*** Opening Supplied data ***
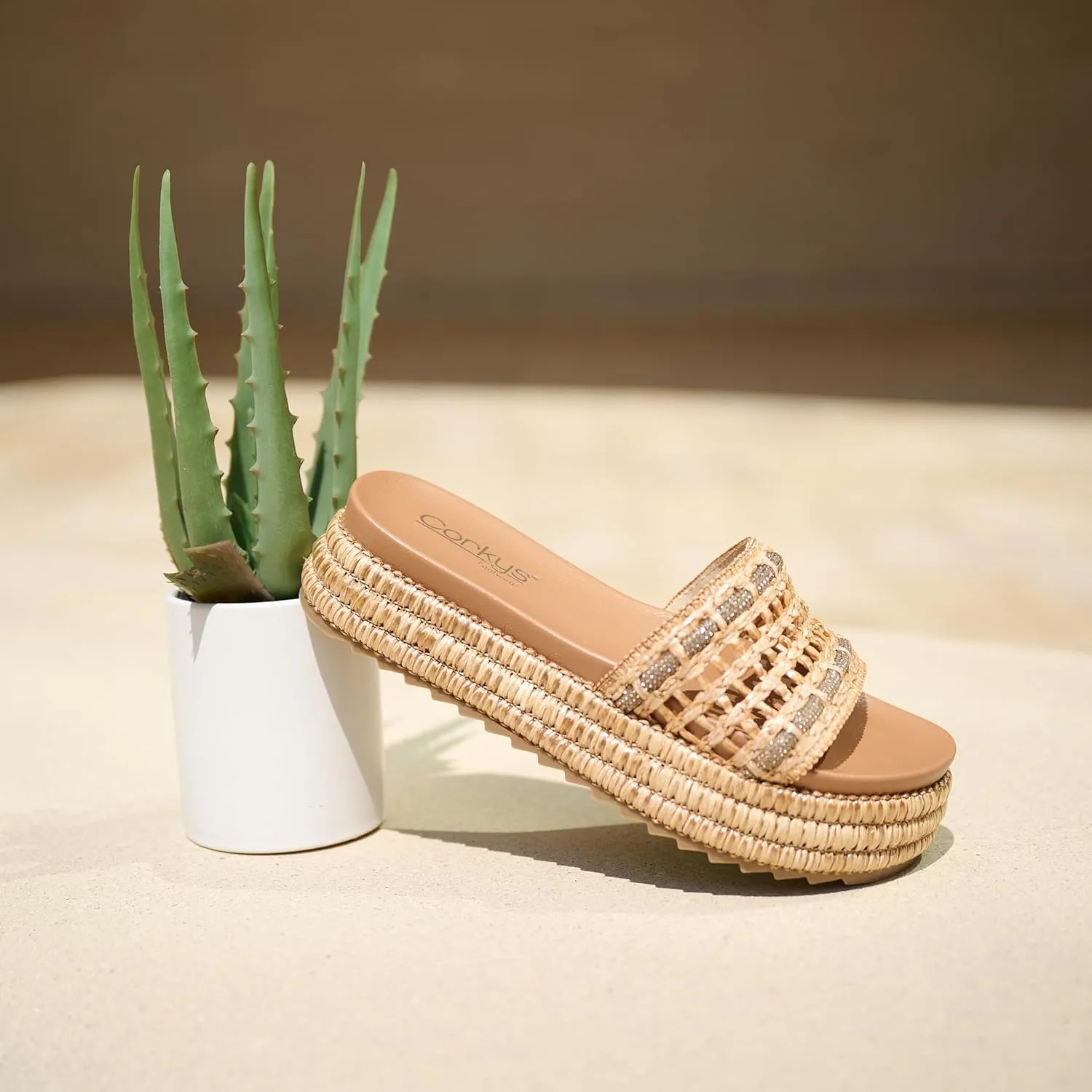 Corkys Footwear Hangover Sandal - Comfortable 1.75-inch Platform and a Soft Insole Designed for All-Day Wear, Chic Raffia Woven Strap and Raffia Wrapped Outsole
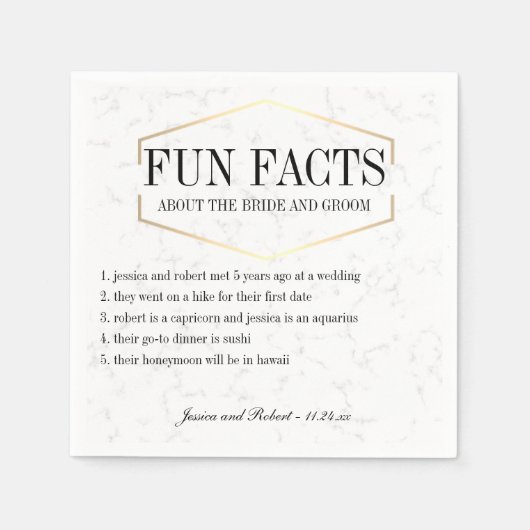 Serviette En Papier Fun Facts Gold Personnalisé Papier serviettes (Devant)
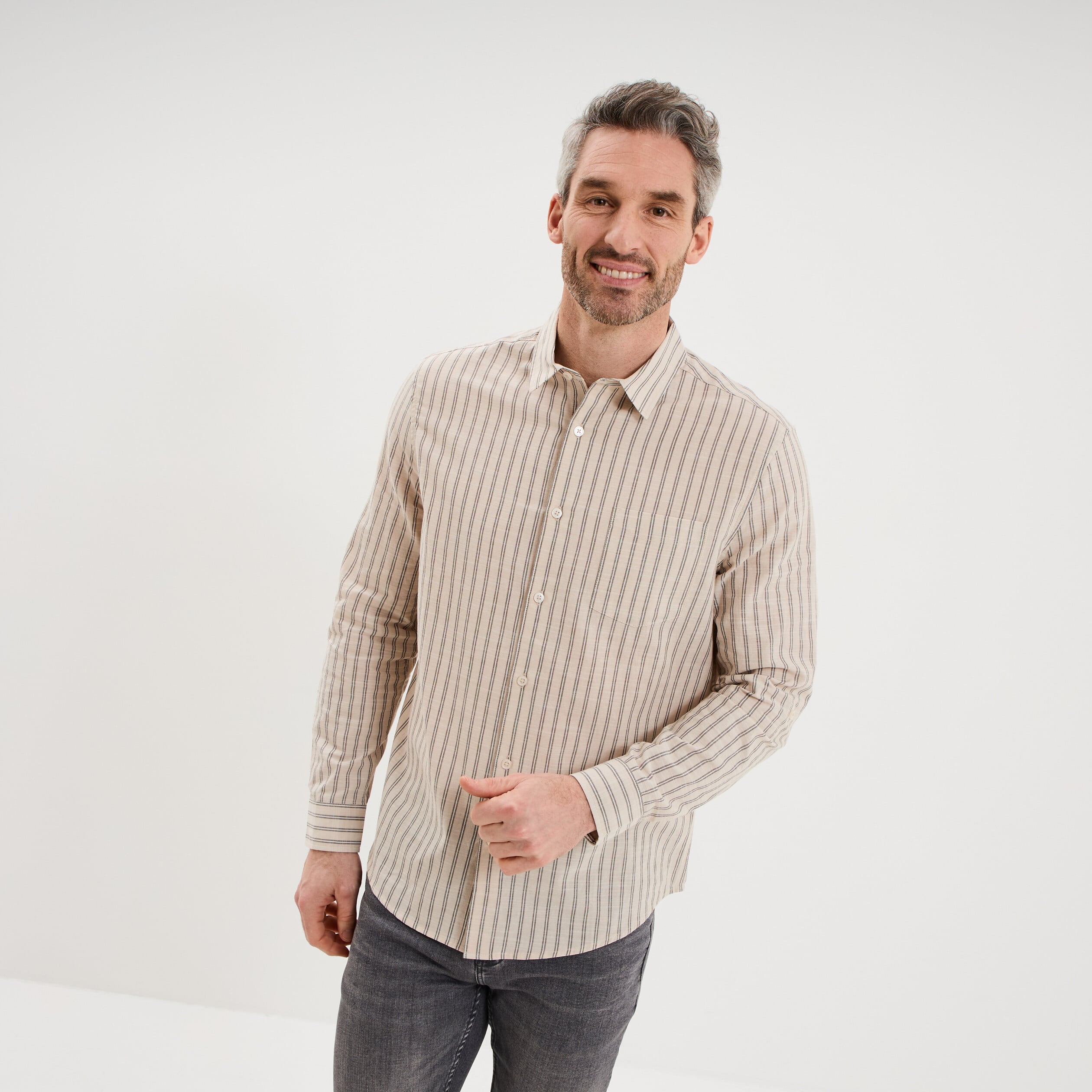 Chemise manches longues coton beige homme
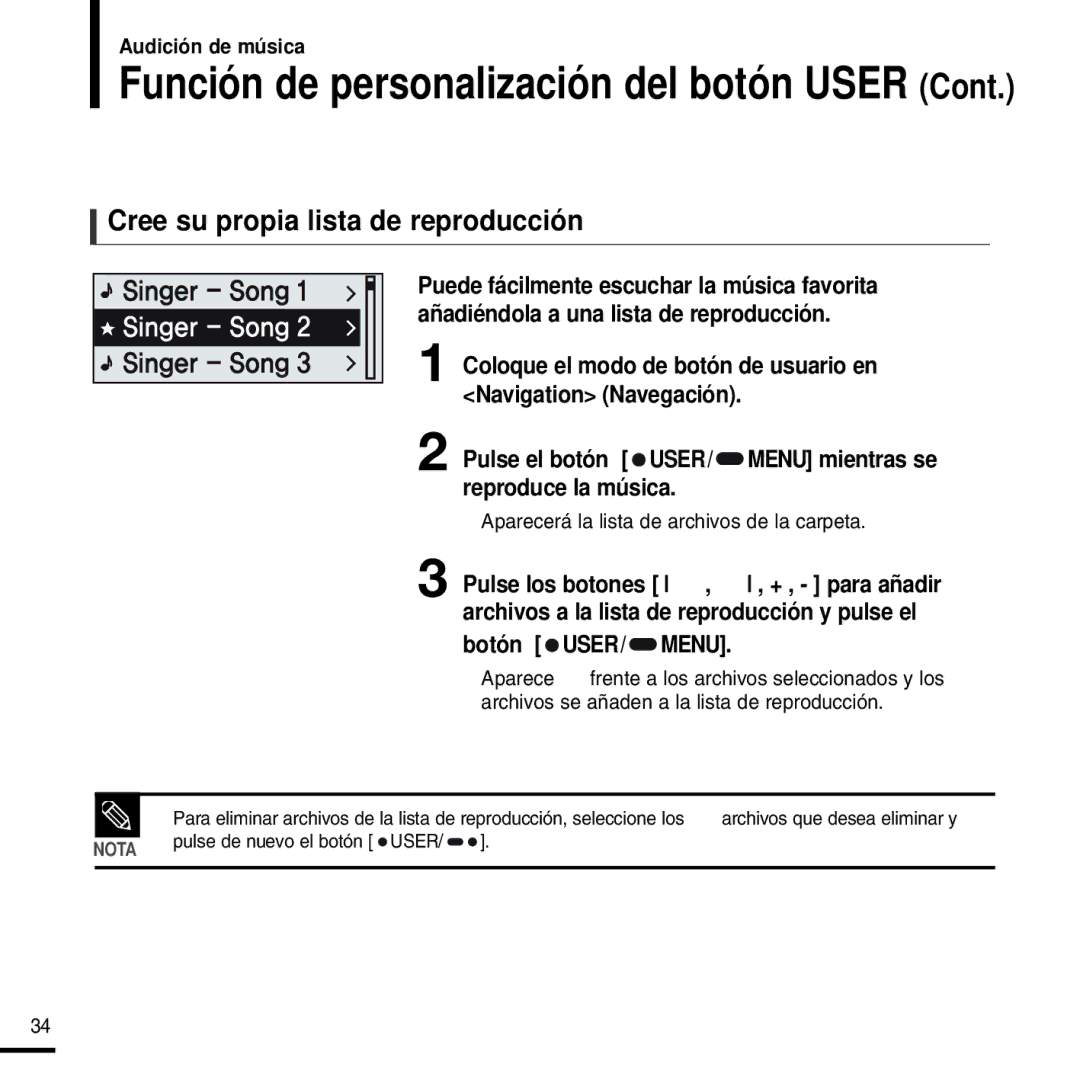 Samsung YP-F2RZW/XET manual Cree su propia lista de reproducción, Pulse el botón USER/ Menu mientras se reproduce la música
*** Closing Supplied data ***
**What to work on**
Copy every line of the data exactly as written, excluding the pictures.

**Expected answer**
 Corkys Footwear Hangover Sandal - Comfortable 1.75-inch Platform and a Soft Insole Designed for All-Day Wear, Chic Raffia Woven Strap and Raffia Wrapped Outsole
 Serviette En Papier Fun Facts Gold Personnalisé Papier serviettes (Devant)
 Chemise manches longues coton beige homme
 Samsung YP-F2RZW/XET manual Cree su propia lista de reproducción, Pulse el botón USER/ Menu mientras se reproduce la música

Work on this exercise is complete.